Ik denk dat een bund strap dit horloge perfect kan aanvullen, maar ik kan met moeite Nederlandse shops vinden die deze horlogebanden aanbieden. Ik zie dat watchparts.nl ze aanbied onder de naam kapiteinsband. Echter, als ik verder zoek, vind ik niet onder die naam.

Nu heb ik twee vragen.
1. hoe worden bund straps hier genoemd?
2. waar kan ik Nederlandse online shops vinden met een redelijk aanbod?

Tnx guys.


----------



## puchelaar (Dec 19, 2011)

Ik heb geen idee, maar aangezien ik zelf binnenkort wellicht ook zo'n band zoek, plaats ik hier even een tvp (terugvindpost)...


----------



## Martin_B (Apr 11, 2008)

Ik had nog even gezocht bij de 'usual suspects' maar geen bund gevonden.
Jürgens heeft ze wel: https://www.jurgensgermany.com/vmar...ion=com_virtuemart&Itemid=1&vmcchk=1&Itemid=1 maar ik weet niet of er nog een verkoop punt is in NL. Dale Vito deed er ooit in geloof ik, werkt die nu niet bij Ace?


----------



## Straight Banana (Dec 22, 2012)

Wel vreemd dat er zo weinig aanbod is in dit segment, terwijl er toch zoveel winkels zijn die 'normale' straps aanbieden.

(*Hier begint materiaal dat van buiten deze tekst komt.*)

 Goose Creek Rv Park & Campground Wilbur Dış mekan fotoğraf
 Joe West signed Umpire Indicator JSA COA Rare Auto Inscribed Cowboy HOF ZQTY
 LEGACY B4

De reden dat ik het eigenlijk vroeg was omdat de hier bekende ebay verkoper sulfejo goedkope straps aanbood waarvan de verzendkosten hoger waren dan van het product zelf. Ik wil er twee bestellen en de verzendkosten kunnen worden gecombineerd, maar ik weet niet echt hoe dat in zijn werk gaat. Ik betaal liever niet eerst via paypal, waarna ik de extra kosten terug krijg betaald.

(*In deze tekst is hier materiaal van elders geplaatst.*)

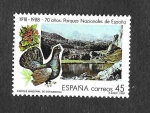 Sellos de Europa - Espa�a -  Edf 2937 - Turismo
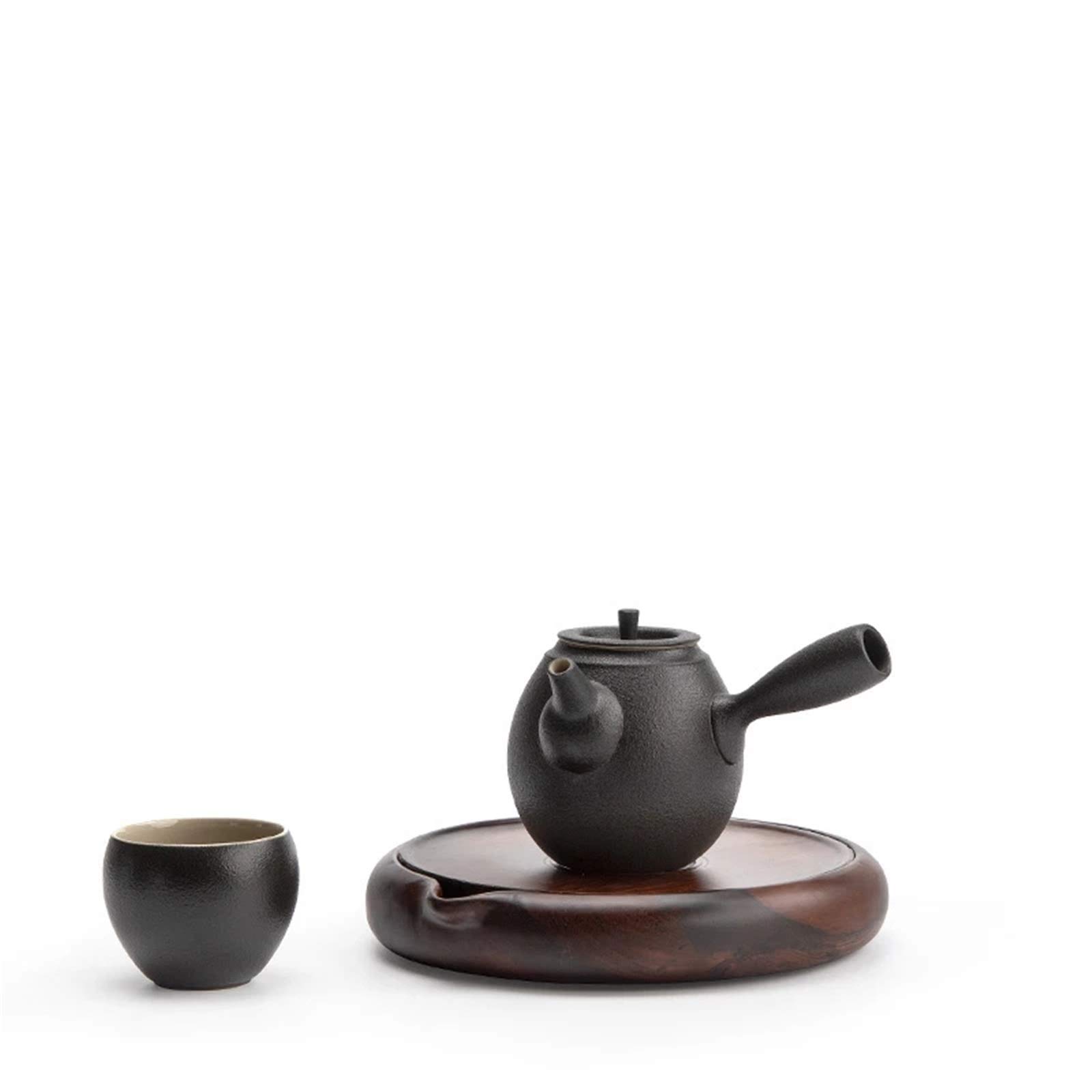 Teetabletts Teekanne Teetabletts Handgefertigte Topflappen Kaffee Tee Zubehör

Ik heb hem/haar iig maar even gevraagd hoe dit in zijn werk gaat.


----------



## Martin_B (Apr 11, 2008)

Ik heb wel eens meerdere banden bij één verkoper gekocht. Dan moest je niet meteen betalen, maar kreeg je een 'invoice' voor de meerdere aankopen die je in eens kon betalen. Even vragen is inderdaad de beste manier. Houdt er wel rekening mee dat sommige verkopers verzendkosten kunstmatig hoog maken om de prijzen laag te houden, en dus minder Ebay fees betalen. Deze zullen dus niet graag verzendingen combineren, of daar korting op geven.

Groeten,

Martin


----------



## Straight Banana (Dec 22, 2012)

De verzendkosten vallen op zich mee. De straps zijn echter heel goedkoop



> *Beste ...*
> 
> Only PayPal
> At first you buy items
> ...


Dus eerst betalen en daarna een invoice?


----------



## Martin_B (Apr 11, 2008)

Straight Banana said:


> De verzendkosten vallen op zich mee. De straps zijn echter heel goedkoop
> 
> Dus eerst betalen en daarna een invoice?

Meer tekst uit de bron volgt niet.